The ride of less than 2 miles took Cutshall three hours to complete. But the wheels were turning. His body was in motion. The journey had begun.

“Everything changed from that day forward,” Cutshall said.

Back up to 2004. Cutshall, a freelance jazz drummer, husband and father, 38 years old, was not sure if he’d live to see 40. He wore size XXXXXXXXXXL pants and could not tie his own shoes. He could walk only nine steps at a time. Breathing was sometimes difficult. A doctor said he would be dead in six months without stomach-reduction surgery and heavy medication.

Further, Cutshall had just a 50 percent chance of surviving an operation, the doctor guessed, his heart likely to quit under the anesthesia and stress.

Flip a coin. Tails you live. Heads you’re dead.

“I hated those odds,” he said.

So he ignored the doctor. He didn’t flip the coin. He flipped his life instead.

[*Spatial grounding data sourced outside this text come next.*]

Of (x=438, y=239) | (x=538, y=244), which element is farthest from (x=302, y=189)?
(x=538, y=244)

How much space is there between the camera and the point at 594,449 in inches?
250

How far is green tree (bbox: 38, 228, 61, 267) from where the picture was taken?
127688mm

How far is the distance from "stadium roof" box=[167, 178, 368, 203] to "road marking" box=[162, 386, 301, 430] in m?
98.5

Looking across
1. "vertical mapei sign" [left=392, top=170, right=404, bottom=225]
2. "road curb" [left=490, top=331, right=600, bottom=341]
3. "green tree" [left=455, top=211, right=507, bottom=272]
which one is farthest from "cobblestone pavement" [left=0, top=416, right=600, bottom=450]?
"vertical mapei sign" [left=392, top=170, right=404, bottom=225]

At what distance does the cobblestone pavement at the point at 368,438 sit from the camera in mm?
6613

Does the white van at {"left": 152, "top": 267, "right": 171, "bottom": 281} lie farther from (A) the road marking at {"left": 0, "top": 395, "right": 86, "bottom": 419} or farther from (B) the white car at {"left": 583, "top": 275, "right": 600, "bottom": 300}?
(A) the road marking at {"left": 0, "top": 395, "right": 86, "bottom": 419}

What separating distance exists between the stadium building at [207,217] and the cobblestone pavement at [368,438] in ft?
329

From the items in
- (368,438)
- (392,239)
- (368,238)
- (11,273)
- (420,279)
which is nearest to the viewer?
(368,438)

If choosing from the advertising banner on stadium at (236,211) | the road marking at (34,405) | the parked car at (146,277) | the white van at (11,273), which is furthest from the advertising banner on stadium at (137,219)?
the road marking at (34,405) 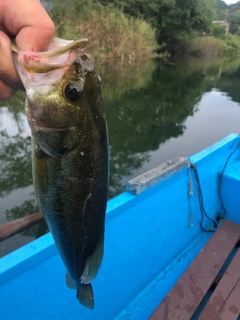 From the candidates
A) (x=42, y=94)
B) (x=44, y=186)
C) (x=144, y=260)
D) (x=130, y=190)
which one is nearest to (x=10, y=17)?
(x=42, y=94)

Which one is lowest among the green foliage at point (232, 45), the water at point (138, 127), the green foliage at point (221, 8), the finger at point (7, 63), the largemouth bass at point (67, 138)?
the green foliage at point (232, 45)

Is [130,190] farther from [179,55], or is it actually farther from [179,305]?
[179,55]

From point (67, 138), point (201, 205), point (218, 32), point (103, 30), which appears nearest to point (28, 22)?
point (67, 138)

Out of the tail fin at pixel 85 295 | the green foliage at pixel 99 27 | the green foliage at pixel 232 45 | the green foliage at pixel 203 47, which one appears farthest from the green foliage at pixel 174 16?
the tail fin at pixel 85 295

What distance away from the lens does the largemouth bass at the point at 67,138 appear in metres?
0.86

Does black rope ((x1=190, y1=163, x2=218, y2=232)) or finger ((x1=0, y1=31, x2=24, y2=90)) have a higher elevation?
finger ((x1=0, y1=31, x2=24, y2=90))

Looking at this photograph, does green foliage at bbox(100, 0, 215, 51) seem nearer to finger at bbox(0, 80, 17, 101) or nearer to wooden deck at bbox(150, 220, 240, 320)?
wooden deck at bbox(150, 220, 240, 320)

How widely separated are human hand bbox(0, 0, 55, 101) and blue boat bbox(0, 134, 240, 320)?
1.18 meters

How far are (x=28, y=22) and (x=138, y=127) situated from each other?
24.6ft

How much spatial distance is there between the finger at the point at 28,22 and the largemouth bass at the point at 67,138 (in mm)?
45

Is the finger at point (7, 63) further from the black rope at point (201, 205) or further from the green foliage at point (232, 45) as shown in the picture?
the green foliage at point (232, 45)

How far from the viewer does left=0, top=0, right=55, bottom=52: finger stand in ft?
2.95

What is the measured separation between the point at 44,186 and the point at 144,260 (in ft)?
6.40

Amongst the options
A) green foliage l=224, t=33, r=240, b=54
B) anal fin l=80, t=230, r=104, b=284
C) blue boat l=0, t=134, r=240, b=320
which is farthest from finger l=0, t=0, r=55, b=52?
green foliage l=224, t=33, r=240, b=54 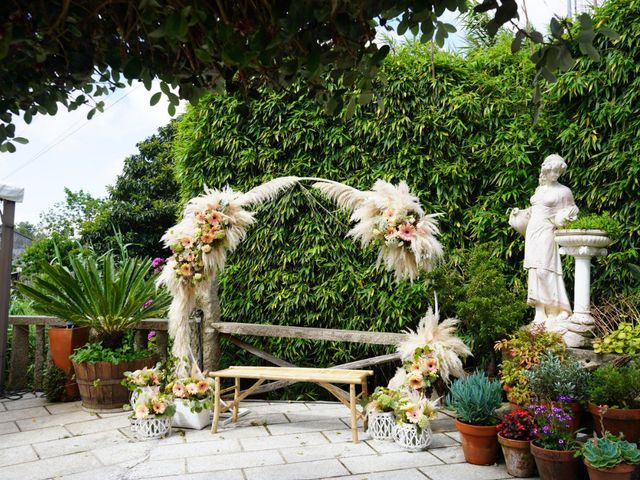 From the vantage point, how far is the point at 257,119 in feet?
19.0

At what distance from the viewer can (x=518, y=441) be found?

He changed everything. He started eating vegetable soup for breakfast. Hummus on pita was lunch. Dinner was salad and pasta. Every day.

No exception.

And he got a bike, a reinforced custom model built in Minneapolis. It was the only viable type of exercise for someone his size, he said. He started riding every night, at first just around the neighborhood, where he rode after dark. “I was embarrassed to go out,” he said.

He started a blog, “Large Fella on a Bike,” to document the journey. Cutshall’s goal was singular and stubborn: to lose hundreds of pounds of weight by changing his lifestyle and pedaling a bike.

Do or die, he thought.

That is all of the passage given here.